I have tried to run the new code on our cluster in the last two weeks and did find out some interesting points:

  1. comp_matrices now can utilise the CPU resources across all nodes and can be calculated much more efficiently (thank you for your excellent work!).
  2. The way to start a ray cluster varies across different schedulers and computing node architectures. I feel the current initialize_ray() is specifically tailored for the slurm submission script (https://github.com/NERSC/slurm-ray-cluster/blob/master/submit-ray-cluster.sbatch) which sets ip_head and redis_password as environment variables. If the two variables can't be found, ray is initialised without address="auto", which would unfortuately fail to connect the worker nodes to the head node. 471c0a3
  3. In PathwaySolver.solve(), num_cpus is defined as num_cpus= ray.nodes()[0]["Resources"]["CPU"]. However from my test, it only counts for the number of cpus on a single node. In comparison, num_cpus = ray.cluster_resources()["CPU"] can return the total number of cpus in a multi-node calculation and therefore invokes more ray remote processes. 471c0a3
  4. From my most recent profiling data, due to the restriction of numba.njit that can only run on the head node, balance_path_arrays seems to become the new bottleneck that slows down the overall runtime quite significantly, especially with large systems that contain ~100 rxns and 5 rxn combos. I also encountered some memory issue with processing this big numpy array that would easily exceed the limit on the head node (190G, 48 CPUs in my case).
  5. Lastly, I also discovered the generation of num_rxns and batch_size is sometimes inconsistent when I rerun the same job. It is because the same reaction might be represented differently each time (e.g. hydrogen combustion rxn can be created as either 0.5 O2 + H2 -> H2O or 2 H2 + O2 -> 2 H2O). Therefore the additional rxns appended from intermediate_rxns can be different each time. I added an option to sort the reactants and products and it seems to help solve this problem. ec97ffe

Hope this feedback could provide you with some ideas about how to improve the code in the next step.:smile:

Hi @jx-fan,

Thank you once again for all this great feedback; really nice to have this demonstration of your use case and I appreciate you providing some commits for your change suggestions.
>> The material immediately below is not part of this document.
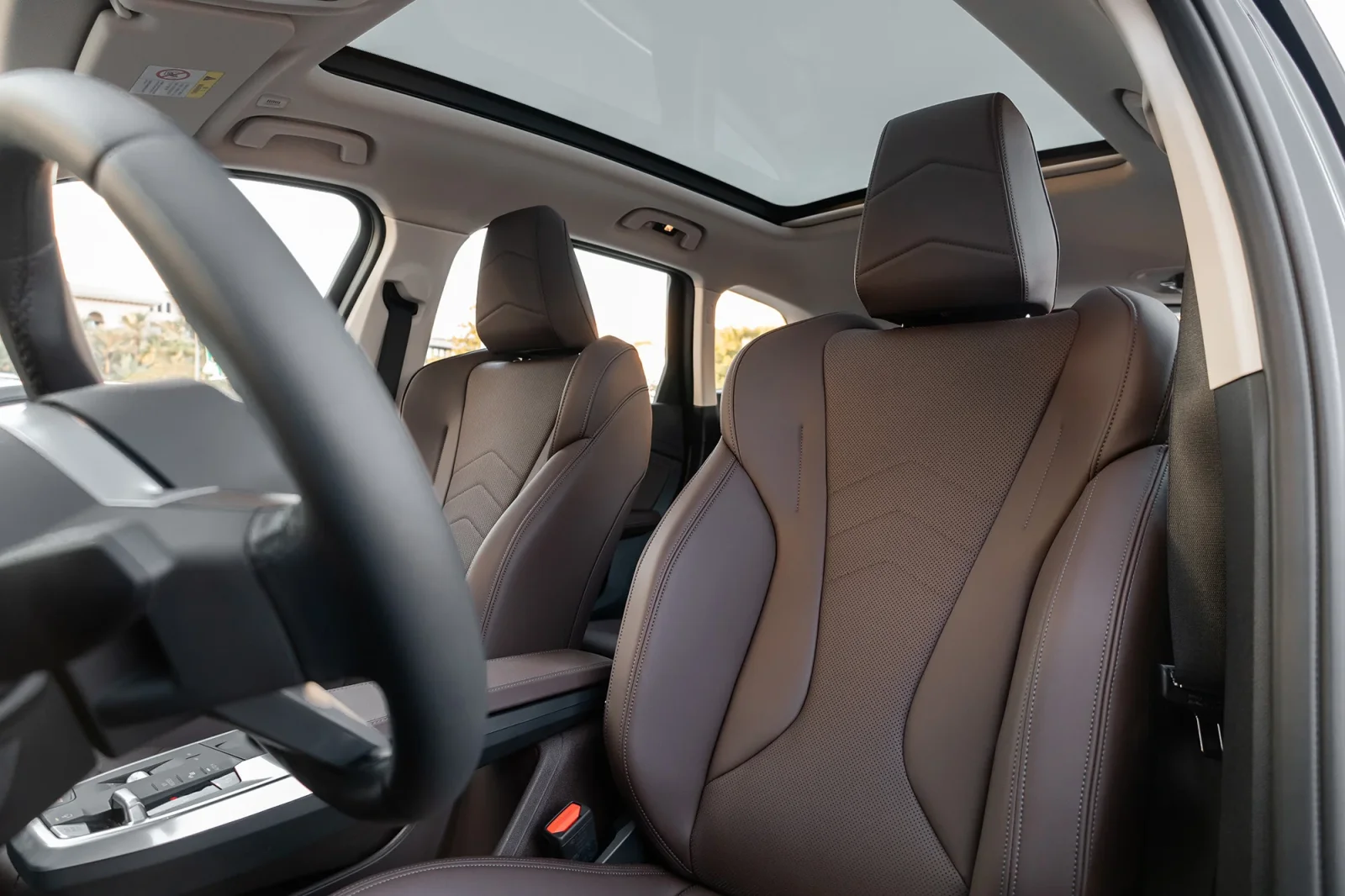 Alquiler BMW X1  Negro 2024 en Abu Dabi - 4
Unfortunately I am about to leave today for a backpacking trip with limited internet access, so I won't be able to address any of these items until I get back to the office mid-August (starting week of Aug 14). I'll make a note to re-visit then. Thank you again for your feedback on the code and hope things are going well!

Hi @jx-fan,

I think I've addressed most of these issues (except for number 4, which will take a little bit more optimization... need to look more into using numba and ray together). The other fixes should be already implemented in the dev branch:
https://github.com/GENESIS-EFRC/reaction-network/tree/dev

I will make a PR once I have had the chance to address some other things. Thank you again for your help catching these issues and sharing them here :)

Note that for number 5, I have actually implemented duplicate reaction checking in the ReactionSet class. https://github.com/GENESIS-EFRC/reaction-network/blob/2d34c9311b1495c962398aeb3dd65ba07a48c507/src/rxn_network/reactions/reaction_set.py#L228

This works by seeing if one reaction has coefficients that are a multiple of the other reaction's coefficients. I previously had this implemented in the __eq__ method for BasicReaction, but I decided to move this out of the class to help with some speed issues, especially for set creation.

Closing this issue with previously addressed fixes. Will continue to work on optimizing ray parallelization.